French-language weekly newspaper in Quebec, Canada

Le Journal Saint-François is a free French-language weekly tabloid newspaper based in Salaberry-de-Valleyfield, Quebec, Canada. The newspaper is distributed online and at 125 drop-off points in the city of Salaberry-de-Valleyfield and other municipalities that are part of the Beauharnois-Salaberry Regional County Municipality and the Vaudreuil-Soulanges Regional County Municipality. Le Journal Saint-François is owned by Gravité Média.

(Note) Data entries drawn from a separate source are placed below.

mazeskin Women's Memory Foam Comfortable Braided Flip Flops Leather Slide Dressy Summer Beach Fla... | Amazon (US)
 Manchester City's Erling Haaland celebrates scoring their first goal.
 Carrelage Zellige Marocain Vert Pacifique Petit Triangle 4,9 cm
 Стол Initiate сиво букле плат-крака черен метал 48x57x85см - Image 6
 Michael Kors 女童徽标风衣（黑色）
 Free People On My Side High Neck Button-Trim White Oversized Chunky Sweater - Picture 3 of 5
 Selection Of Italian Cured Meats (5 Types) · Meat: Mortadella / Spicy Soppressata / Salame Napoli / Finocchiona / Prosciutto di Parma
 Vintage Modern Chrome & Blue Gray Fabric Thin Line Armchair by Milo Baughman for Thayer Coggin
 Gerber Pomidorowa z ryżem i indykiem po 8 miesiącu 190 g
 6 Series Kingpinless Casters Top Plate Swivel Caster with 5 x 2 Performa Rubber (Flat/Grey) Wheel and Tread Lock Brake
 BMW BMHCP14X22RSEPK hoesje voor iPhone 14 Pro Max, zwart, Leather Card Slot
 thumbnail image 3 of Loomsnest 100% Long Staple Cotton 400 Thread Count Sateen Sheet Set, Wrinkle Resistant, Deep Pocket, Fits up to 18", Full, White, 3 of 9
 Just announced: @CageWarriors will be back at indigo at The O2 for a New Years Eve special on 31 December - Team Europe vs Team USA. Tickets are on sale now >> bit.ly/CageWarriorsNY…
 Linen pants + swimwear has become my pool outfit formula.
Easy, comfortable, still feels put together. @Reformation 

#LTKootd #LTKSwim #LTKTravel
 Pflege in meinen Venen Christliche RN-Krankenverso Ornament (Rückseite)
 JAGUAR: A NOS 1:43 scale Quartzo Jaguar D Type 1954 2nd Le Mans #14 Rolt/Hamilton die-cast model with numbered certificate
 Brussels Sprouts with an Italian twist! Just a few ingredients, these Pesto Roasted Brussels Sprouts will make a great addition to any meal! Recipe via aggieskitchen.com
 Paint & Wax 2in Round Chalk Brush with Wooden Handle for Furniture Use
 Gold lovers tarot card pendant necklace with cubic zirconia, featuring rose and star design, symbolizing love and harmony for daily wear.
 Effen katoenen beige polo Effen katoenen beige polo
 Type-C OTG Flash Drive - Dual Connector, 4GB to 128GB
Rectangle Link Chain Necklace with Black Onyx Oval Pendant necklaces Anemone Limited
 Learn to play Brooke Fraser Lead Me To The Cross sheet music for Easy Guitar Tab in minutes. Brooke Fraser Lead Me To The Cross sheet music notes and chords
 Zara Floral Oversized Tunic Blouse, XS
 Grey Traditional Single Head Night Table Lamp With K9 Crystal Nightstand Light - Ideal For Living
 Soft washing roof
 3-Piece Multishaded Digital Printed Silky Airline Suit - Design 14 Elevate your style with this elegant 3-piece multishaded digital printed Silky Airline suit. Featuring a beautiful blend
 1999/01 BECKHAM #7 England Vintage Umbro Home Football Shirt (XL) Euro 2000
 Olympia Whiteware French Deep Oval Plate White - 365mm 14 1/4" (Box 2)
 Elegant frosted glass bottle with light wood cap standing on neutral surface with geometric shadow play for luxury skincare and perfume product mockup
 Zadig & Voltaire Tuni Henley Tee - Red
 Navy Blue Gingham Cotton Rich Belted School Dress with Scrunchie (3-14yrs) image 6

In 2013, the newspaper merged with former competitor Le Soleil de Valleyfield when media group Quebecor sold its regional weekly papers to Transcontinental. Two years later, Le Soleil was absorbed into Le Journal Saint-François. In the years preceding the merger, other newspapers in the region closed, making Le Journal Saint-François one of only two print newspaper covering the city of Salaberry-de-Valleyfield. News website INFOSuroit.com also covers the area.

Le Journal Saint-François covers local news, including politics, urban development, culture, crime, and other topics.

Gravité Média also owns Le Journal Saint-François sister publications, Le Courrier du Sud, La Relève, Le Reflet and Le Soleil de Châteauguay.